17 febrero 2022

El gallinero


Este fue uno de los cuentos que deseché del libro Por qué decimos adiós cuando pasan los trenes. Hace unos días di con él y me pareció que encajaba perfecto en Atlántida, en cuya edición y revisión trabajo. Ahora tengo que hacerle lugar en uno de los capítulos.

Era un pequeño rectángulo de mampostería con techo de tejas y pintado con cal viva. Escritas a mano alzada sobre su única puerta había tres letras: “P.N.R.”. Aunque era un cuartel, alguien dijo que parecía un gallinero y el nombre se le quedó. La celda tenía un candado del tiempo de España. Su llave era enorme y colgaba del cinto de Meneses.

Atlántida y Aurelio lloraban de la risa cada vez que Rao recordaba al muchacho de Cruces que sorprendieron robando azúcar dentro de una tolva. Según mi tío abuelo, las piernas le temblaban cuando pasó esposado por la esquina. Detrás de él, iba Meneses con un máuser.

—Así, así, así —decía Rao mientras movía las piernas como si estuviera bailando charlestón—. Temblaba, temblaba, temblaba.

Cuando llegaron a la puerta del cuartel, el muchacho intentó escaparse. Meneses trató de disparar al aire y el máuser reventó. Los dos se asustaron tanto que se tiraron al suelo. Todos los que vieron la escena se murieron de la risa, igual que Aurelio y Atlántida cada vez que Rao hacía el cuento.

—El muchacho aullaba, aullaba, aullaba —contaba Rao—. Aaauuu, aaauuu, aaauuu.

Según mi tío abuelo, esa noche no dejó dormir a nadie con sus gritos. Al otro día, cuando vino el Jeep de cuatro puertas de la policía de Cruces, los que viven alrededor del cuartel sintieron un gran alivio. “Esta noche podremos dormir”, se decían a través de los portales y de las cercas de los patios.

Según Rao, desde que construyeron el cuartel, Meneses solo sabía decir que el que no anduviera derechito se lo llevaba preso. “Ve y dile a Castellanos que te pele o te llevo para el cuartel”, “vístete como se visten los hombres o te llevo para el cuartel”, “apaga esa música americana o te llevo para el cuartel”.

No pocos viajeros acabaron en el cuartel. Meneses los esperaba en la carreterita para registrarles el equipaje. A un hombre que se bajó del tren de Cumanayagua le quitó un paquete de café y le dijo que lo acompañara. “¡Pal gallinero!”, susurraron los borrachos en el bar cuando los vieron pasar.

A un viejo que llegó de Potrerillo con un saco a cuestas le hizo tirarlo en medio de la calle y abrirlo. Eran frijoles negros. Después de decirle que ese saco debía de estar en Acopio y no en manos de un particular, le dijo que lo acompañara. “¡Pal gallinero!”, susurraron los borrachos.
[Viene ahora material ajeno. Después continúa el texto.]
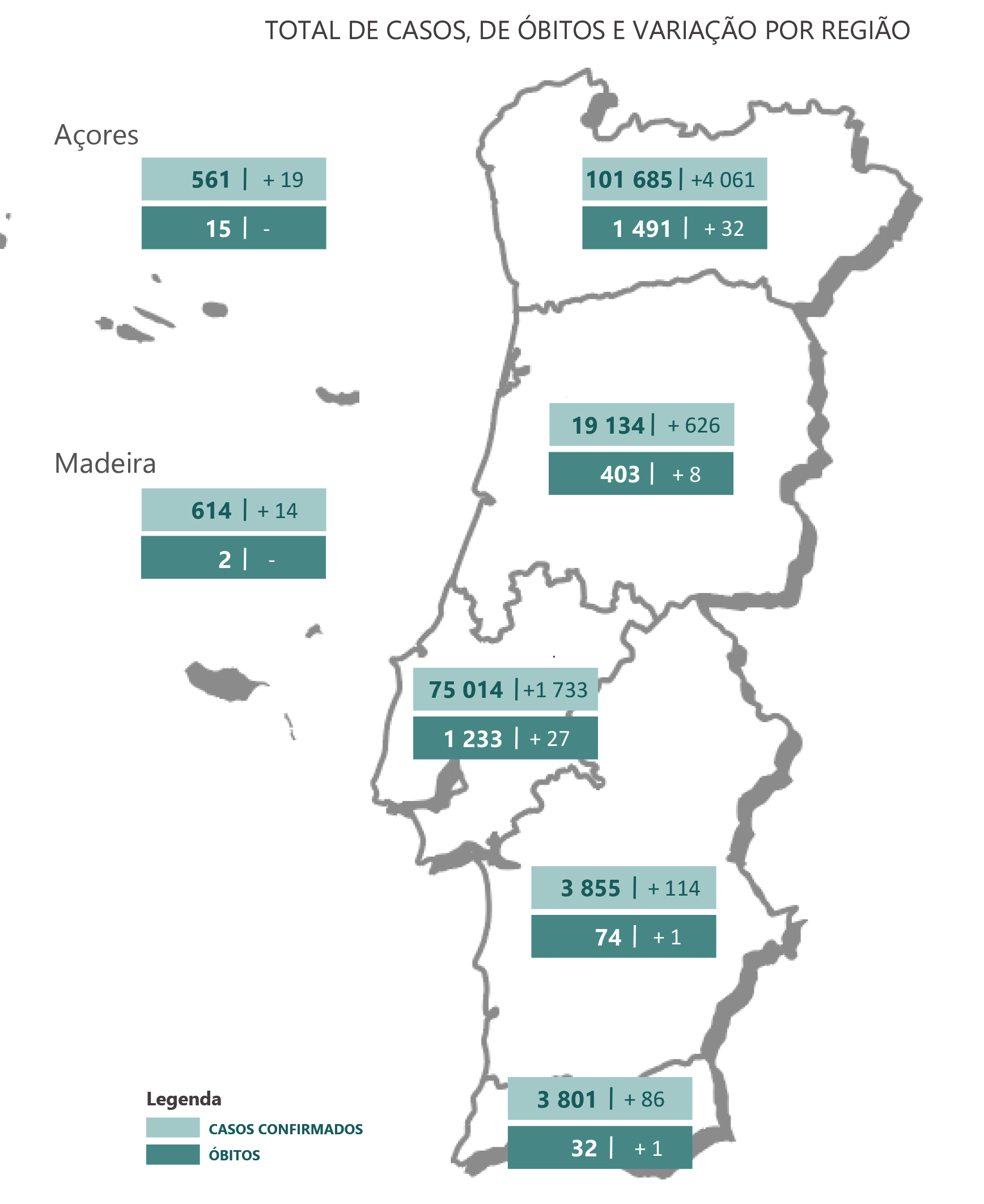 Sul Informação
Lo mismo le pasó a una mujer que venía de Sagua la Grande a cambiar botellas de cloro por cartones de huevos. Pero esa vez el único de los borrachos que dijo algo fue Cuquito Yero. “No seas abusador, chico —susurró—, con lo buena que está”. Meneses se detuvo y le ordenó a la mujer que hiciera lo mismo.

—¿Qué tu dijiste?

—¿Y a ti que te importa lo que yo dije?

—No le faltes el respeto a la autoridad.

—Qué autoridad, ni autoridad, tú lo que eres es un abusador.

Meneses le quitó las esposas a la mujer y se las puso a Cuquito, quien no dejaba de tambalearse y apenas podía unir los brazos. La mujer permitió que mi tío abuelo se recostara a ella para que pudiera mantener el equilibrio. “¡Pal gallinero!”, susurraron los borrachos.

—¿De dónde tú eres, mi vida? —preguntó Cuquito.

—De Palmira —respondió la mujer.

—Cuando salgamos de esta, te voy a hacer la visita para que me cueles un café.

—Vamos a ver si se callan los detenidos —gritó Meneses, mientras jugaba con la soguita donde tenía atada la llave del candado del tiempo de España. Cuando el Jeep de cuatro puertas se llevó a Cuquito para Cruces, los borrachos lo aplaudieron como a un héroe.

—¡Viva Cuquitooo! —gritó Cundunga.

—Si vuelves a decir algo, aunque sea media palabra —le advirtió Meneses—, te llevo para el cuartel.

—Al principio el gallinero no nos dejaba dormir —dijo Cundunga mientras le ponían las esposas—, pero ahora no nos deja vivir.